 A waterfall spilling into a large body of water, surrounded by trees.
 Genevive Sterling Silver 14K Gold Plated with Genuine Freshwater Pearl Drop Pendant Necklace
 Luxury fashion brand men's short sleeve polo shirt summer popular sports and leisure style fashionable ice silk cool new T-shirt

GOAL OF THE EXERCISE => Set the whole listing down again, unchanged.

SOLUTION =>
 A waterfall spilling into a large body of water, surrounded by trees.
 Genevive Sterling Silver 14K Gold Plated with Genuine Freshwater Pearl Drop Pendant Necklace
 Luxury fashion brand men's short sleeve polo shirt summer popular sports and leisure style fashionable ice silk cool new T-shirt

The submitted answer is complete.